How to Persuade Admitted Students to Enroll: Try Everything

May 11, 2015
  • Industry News

Dozens of high-school seniors and their parents have arrived on the campus at a make-or-break moment for Ohio Wesleyan University. It’s late April, the university’s last chance to woo these admitted students in person. Every one of them counts.

For Ohio Wesleyan, as for many small- and medium-size private liberal-arts colleges, tuition is the primary source of income. That makes hitting enrollment goals crucial. Demographic shifts are reducing the number of high-school graduates in Ohio. And competition for top students everywhere has never been more intense. The size of incoming classes at the university has gone up and down over the past five or six years, resulting in inconsistent tuition revenues.
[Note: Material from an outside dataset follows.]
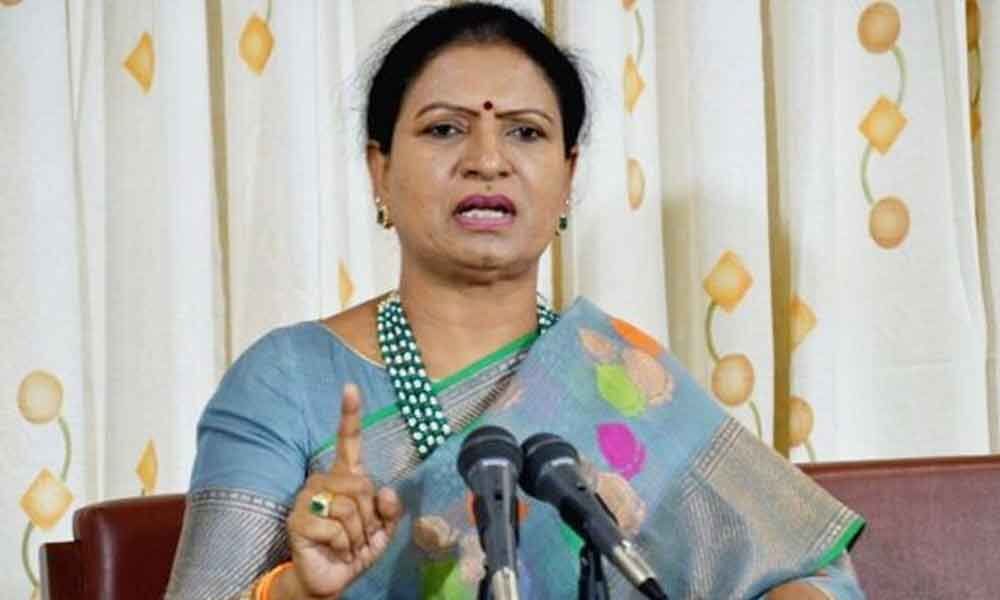 Aruna slams TRS government for ignoring pending projects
And so, as at many colleges these days, the admissions team at Ohio Wesleyan is trying everything it can think of to seal the deal.

It’s less than two weeks before the May 1 deadline by which most students will decide where to enroll, so Ohio Wesleyan is making a big play. The prospects assembling in the student center on a Sunday evening for the Slice of College Life overnight event will spend Monday meeting professors and checking out dorms, but tonight they’re sent off in groups to stack Oreos on their foreheads. The game of Chocolate Unicorn is meant to break the ice, but it’s also part of a jam-packed evening of carnivalesque activities designed to present Ohio Wesleyan as a fun place — and to help prospective students imagine themselves there for four years. (Their parents are shuttled to the home of the president, Rock F. Jones, for a cocktail reception.)

Colleges have long tried to curry the favor of their admitted students, checking in with them and inviting them to open houses. But in the past five years or so, what was once a fairly relaxed process has intensified into a full-court press. It’s known as "yield marketing."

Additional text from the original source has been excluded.